What are income funds?
Many of you might have heard about collective investment schemes. In fact, some time ago I had written about and explained how collective investment schemes work and how to evaluate them. Collective investment schemes are schemes whereby the fund...
Many of you might have heard about collective investment schemes. In fact, some time ago I had written about and explained how collective investment schemes work and how to evaluate them.
Collective investment schemes are schemes whereby the fund manager, who is normally in charge of the administration of the scheme, collects money from many different investors and, by amalgamating the sums collected, will be in a position to invest these monies in different securities in line with the objectives of the scheme.

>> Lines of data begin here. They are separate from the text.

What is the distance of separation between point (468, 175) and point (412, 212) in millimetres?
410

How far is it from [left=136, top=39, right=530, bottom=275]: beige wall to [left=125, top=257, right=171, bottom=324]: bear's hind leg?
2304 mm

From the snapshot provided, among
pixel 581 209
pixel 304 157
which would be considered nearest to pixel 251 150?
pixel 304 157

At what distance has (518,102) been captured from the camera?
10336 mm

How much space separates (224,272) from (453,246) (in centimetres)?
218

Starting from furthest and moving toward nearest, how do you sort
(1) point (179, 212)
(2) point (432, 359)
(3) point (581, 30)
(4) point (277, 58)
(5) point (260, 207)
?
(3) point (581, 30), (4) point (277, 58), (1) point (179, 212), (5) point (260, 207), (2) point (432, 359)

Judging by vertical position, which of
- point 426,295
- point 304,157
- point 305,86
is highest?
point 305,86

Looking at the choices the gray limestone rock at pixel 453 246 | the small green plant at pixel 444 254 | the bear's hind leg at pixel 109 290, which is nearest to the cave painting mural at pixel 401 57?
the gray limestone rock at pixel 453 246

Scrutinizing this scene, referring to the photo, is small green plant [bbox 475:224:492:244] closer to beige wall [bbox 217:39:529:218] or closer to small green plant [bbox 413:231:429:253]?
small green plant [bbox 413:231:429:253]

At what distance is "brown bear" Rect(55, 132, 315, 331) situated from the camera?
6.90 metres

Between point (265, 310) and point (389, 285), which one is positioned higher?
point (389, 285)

Collective investment schemes come in many different types. For example, those investing in shares are known as equity funds while those investing in bonds are known as income funds/bond funds. A balance between shares and bonds will make up a balanced fund.

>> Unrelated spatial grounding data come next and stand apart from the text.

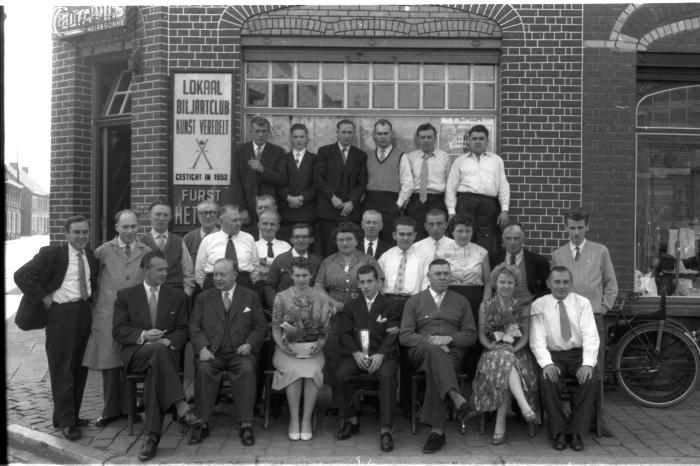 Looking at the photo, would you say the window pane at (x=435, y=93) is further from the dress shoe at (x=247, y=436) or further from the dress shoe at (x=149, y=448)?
the dress shoe at (x=149, y=448)

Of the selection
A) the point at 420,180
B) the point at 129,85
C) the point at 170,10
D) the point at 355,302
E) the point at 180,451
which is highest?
the point at 170,10

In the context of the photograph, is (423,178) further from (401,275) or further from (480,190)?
(401,275)

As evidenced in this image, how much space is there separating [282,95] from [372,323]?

We can therefore say that income funds are funds whereby the fund manager invests the money collected from the different investors in instruments which produce income, namely bonds and other fixed interest instruments.
Income funds can also be further split into "distributing" and "accumulating" funds.
Distributing income funds are those where the income generated from the bond investments gets paid out to the investor. The frequency of the payments depends on the fund chosen but can range from monthly to yearly payments. Funds offering monthly payments are very popular in the local market.
Accumulating income funds are those funds in which the income generated gets accumulated to the capital, either via the purchase of additional units or through an increase in the price of the fund.
Income funds can also be found in different currencies, for example sterling, US dollar and euro income funds.
How does the fund manager decide where to invest the monies he receives?
The fund manager will have a set objective for each fund. For example, an income fund might invest in government issued paper only, or it might invest in corporate bonds or a mixture of both.
The investor thus has the option to choose the fund best suited to his needs and his risk profile.
The fund manager also has to decide what degree of risk he will take when investing the money available. Obviously, the higher the return (yield) being given, the higher the risk being taken.
Investors should be aware that the market is a mechanism which does not allow anomalies. This means that there is no "super" bond or fund which gives you a high rate of return without taking an equivalent risk.
Therefore, before investing in a particular fund, the investor must assess the credit rating of the underlying investments which indicates the degree of risk being taken. The table on page 31 is a guide of the credit ratings normally quoted.
A fund can be fully invested in, for example, one credit class or it can have a mixture of different risk ratings. Details should be found in the fund`s prospectus which should be perused before investing.
As can be seen, income funds, or indeed collective investment schemes in general, offer the investor the opportunity to diversify his holdings while still investing small sums of money.
Furthermore, the fact that the fund manager is not investing all the money in one bond, further reduces the risk of the investment. Therefore, the saying "don`t put all your eggs in one basket" is given great credence when investing through collective investment schemes.
Investors should also take note of the standing and reputation of the fund manager and should also consider the size of the fund in question. The larger the fund the better, since running costs, such as advertising and printing costs, would be split among more investors, keeping the cost base low.
Finally, investors should take note of the tax treatment of the income fund in which they wish to invest.
Recently, the government introduced special tax incentives for locally listed collective investment schemes which now fall under the 15 per cent final withholding tax regime. Investors are therefore urged to seek appropriate advice before investing.